WORK INSTRUCTION:
Nothing may be left out, so copy every entry exactly.

DATA LISTING:
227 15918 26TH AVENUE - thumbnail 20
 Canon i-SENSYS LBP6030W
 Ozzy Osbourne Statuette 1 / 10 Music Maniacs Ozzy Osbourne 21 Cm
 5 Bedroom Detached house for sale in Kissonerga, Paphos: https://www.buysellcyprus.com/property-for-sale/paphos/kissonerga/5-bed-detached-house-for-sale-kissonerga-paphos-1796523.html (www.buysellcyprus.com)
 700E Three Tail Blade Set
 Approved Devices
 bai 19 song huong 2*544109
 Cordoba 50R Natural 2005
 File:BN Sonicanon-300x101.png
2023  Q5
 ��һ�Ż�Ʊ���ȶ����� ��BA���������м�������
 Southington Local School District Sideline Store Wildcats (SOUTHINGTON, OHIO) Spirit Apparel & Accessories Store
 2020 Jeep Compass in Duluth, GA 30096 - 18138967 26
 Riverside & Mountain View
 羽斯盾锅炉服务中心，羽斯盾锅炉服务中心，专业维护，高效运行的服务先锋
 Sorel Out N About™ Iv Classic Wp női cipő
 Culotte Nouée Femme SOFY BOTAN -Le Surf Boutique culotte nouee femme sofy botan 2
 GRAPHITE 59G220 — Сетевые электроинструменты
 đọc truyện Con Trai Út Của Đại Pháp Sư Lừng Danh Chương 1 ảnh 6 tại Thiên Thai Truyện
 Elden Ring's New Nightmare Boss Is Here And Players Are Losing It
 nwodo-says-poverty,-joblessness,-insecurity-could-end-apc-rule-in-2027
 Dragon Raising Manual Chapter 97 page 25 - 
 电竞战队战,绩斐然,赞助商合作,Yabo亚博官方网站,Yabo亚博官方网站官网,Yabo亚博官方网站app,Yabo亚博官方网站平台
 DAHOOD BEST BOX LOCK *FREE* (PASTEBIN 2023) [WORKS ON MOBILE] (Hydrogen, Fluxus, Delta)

ANSWER TO THIS TASK:
227 15918 26TH AVENUE - thumbnail 20
 Canon i-SENSYS LBP6030W
 Ozzy Osbourne Statuette 1 / 10 Music Maniacs Ozzy Osbourne 21 Cm
 5 Bedroom Detached house for sale in Kissonerga, Paphos: https://www.buysellcyprus.com/property-for-sale/paphos/kissonerga/5-bed-detached-house-for-sale-kissonerga-paphos-1796523.html (www.buysellcyprus.com)
 700E Three Tail Blade Set
 Approved Devices
 bai 19 song huong 2*544109
 Cordoba 50R Natural 2005
 File:BN Sonicanon-300x101.png
2023  Q5
 ��һ�Ż�Ʊ���ȶ����� ��BA���������м�������
 Southington Local School District Sideline Store Wildcats (SOUTHINGTON, OHIO) Spirit Apparel & Accessories Store
 2020 Jeep Compass in Duluth, GA 30096 - 18138967 26
 Riverside & Mountain View
 羽斯盾锅炉服务中心，羽斯盾锅炉服务中心，专业维护，高效运行的服务先锋
 Sorel Out N About™ Iv Classic Wp női cipő
 Culotte Nouée Femme SOFY BOTAN -Le Surf Boutique culotte nouee femme sofy botan 2
 GRAPHITE 59G220 — Сетевые электроинструменты
 đọc truyện Con Trai Út Của Đại Pháp Sư Lừng Danh Chương 1 ảnh 6 tại Thiên Thai Truyện
 Elden Ring's New Nightmare Boss Is Here And Players Are Losing It
 nwodo-says-poverty,-joblessness,-insecurity-could-end-apc-rule-in-2027
 Dragon Raising Manual Chapter 97 page 25 - 
 电竞战队战,绩斐然,赞助商合作,Yabo亚博官方网站,Yabo亚博官方网站官网,Yabo亚博官方网站app,Yabo亚博官方网站平台
 DAHOOD BEST BOX LOCK *FREE* (PASTEBIN 2023) [WORKS ON MOBILE] (Hydrogen, Fluxus, Delta)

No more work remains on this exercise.